Ce baromètre varie d'un pays à l'autre, suivant son système éducatif et comportemental spécifique. Dans certains pays d'Asie, par exemple, citer le nom d'un responsable dans le moindre détournement de fonds ou de biens constitue l'une des plus lourdes peines qui puissent être infligées á un criminel, puisque toute la société se dresse alors contre lui et lui rejette son dévolu, au point de ne plus le servir jusqu’en la boulangerie même de son quartier et le voilà traînant partout où il se présente une humiliation pour toute la vie. Dans cette même région du monde, certains visiteurs ayant perdu leur porte-monnaie dans une station de métro grouillant de monde les retrouvent intacts.

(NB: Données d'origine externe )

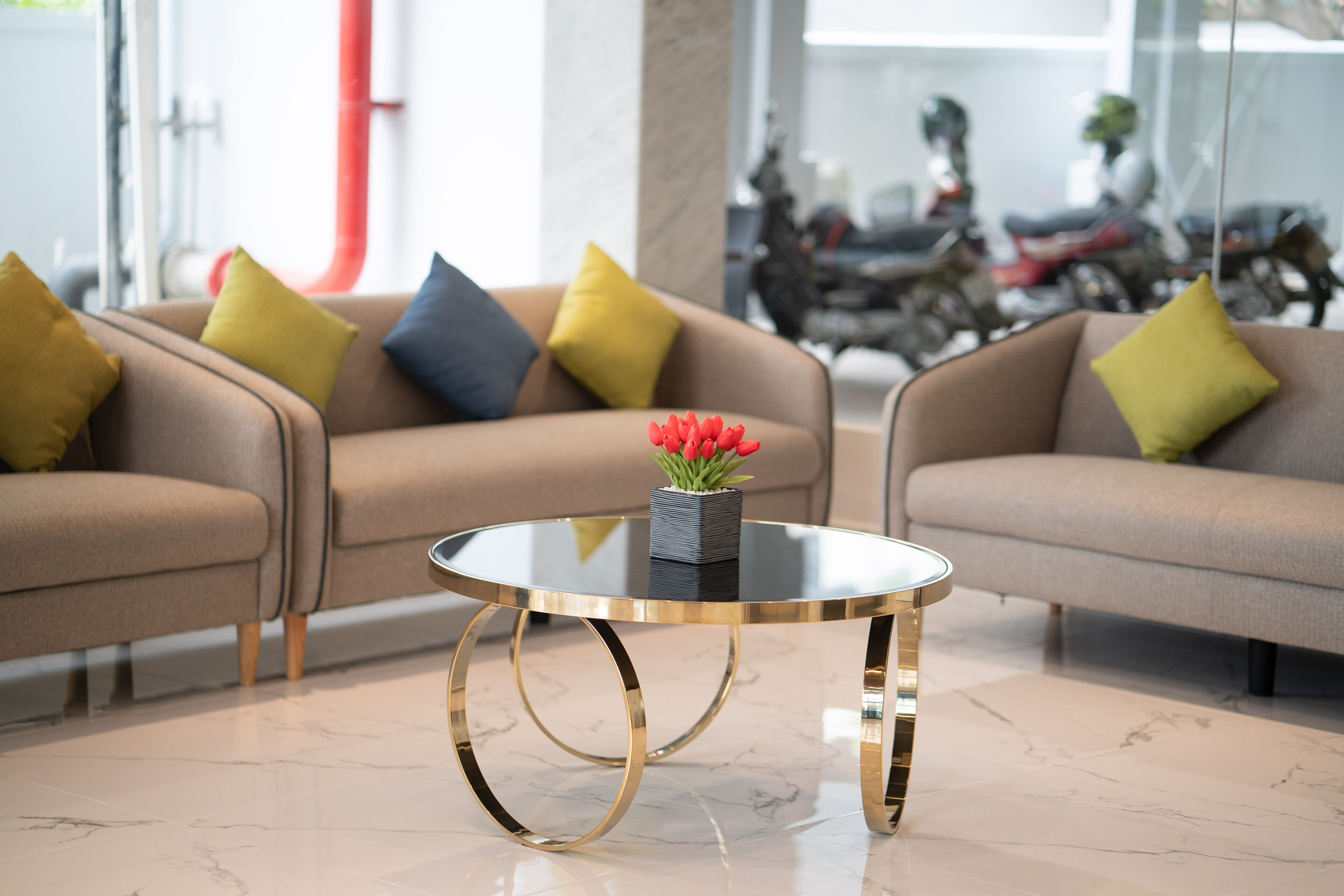 A modern living room with two sofas, a glass coffee table, and a vase with red flowers.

En Indonésie, nul n’ose voler le moindre objet déposé devant une mosquée.
Que dire alors quand, ici en Mauritanie, des chaussures et autres affaires sont subtilisés á l'intérieur même de nos mosquées ? Que dire des détournements de fonds publics, un acte banal qui fait couler nos institutions et priver les projets de voir le jour ? Ces malversations font pourtant la fierté de certains qui deviennent du coup de véritables notables en la cité, disposant de leur propre protocole et de leurs blogueurs chantant leurs « vertus ». Là où ils se présentent, les voilà accueillis à bras ouverts ; les gens leur jettent des fleurs et les glorifient du titre d’hommes « courageux », forts de mains « non-cloisonnées », parfaitement informés de « par où se mange l'omoplate ». Tandis que tout celui qui veut intègre est taxé de tous les maux, faiblesse, manque de courage et de personnalité. Voilà comment, au fil de ces faille et dérive sociales, l'intégrité morale est devenue ni plus ni moins qu’une perversité.
Durcir les peines
En tout cas, là où les crimes économiques prennent de l'ampleur, il faut s'attendre à voir s'élargir les inégalités sociales, le manque et la médiocrité des services sociaux et décliner tous les standards de vie. Bref, autant de vecteurs d'insécurité et d'instabilité : la quasi-totalité des crimes ont pour cause l'ignorance, la pauvreté et la haine, fruits amers des crimes économiques qui privent l'ignorant de la scolarité, faute d'école pour l'accueillir ; le pauvre, des ressources minimales pour subsister dignement ; et, enfin, les frustrés, de tout espoir d’évolution, suite à l'accaparement indu des richesses nationales par certains au détriment des autres.
Partant de ce constat, il sonne à l'évidence que les crimes économiques sont les instigateurs de tous les autres crimes et constituent une constante menace á la cohésion sociale et á la stabilité. Quand les malfaiteurs développement leurs capacités de nuisance sans être traqués par les forces de l'ordre, sachez que la faille est grave. Contrairement aux malfaiteurs d’ailleurs qui volent des objets de la rue ou les arrachent à des passants, les nôtres s'attaquent aux domiciles pour y perpétrer, sans la moindre crainte, d'horribles meurtres, viols et vols à main armée. Certains comptent sur la légèreté des peines, d'autres sur le trafic d’influence de leurs protecteurs, d'autres encore sur les « arrangements » entre tribus qui empêchent souvent la justice de suivre son cours et de réprimer fermement les contrevenants. Voilà pourquoi tant de criminels sont des récidivistes pris en flagrant délit.
Le récent viol perpétré à Dar Naïm nous interpelle tous : il est grand temps de placer sur le sceau de l'urgence des mesures de préventives et curatives, en renforçant le filet sécuritaire, en durcissant les peines et en suivant avec attention chaque malfaiteur, en les frappant avec une main de fer à la moindre faute. Le gage de succès d’une telle approche requiert une revalorisation de l'intégrité morale qui a perdu du terrain, suite à une gestion peu orthodoxe des ressources humaines. La justice doit pouvoir jouer son rôle en toute impartialité et rigueur afin de préserver l'image de marque de l'autorité et de la puissance publique.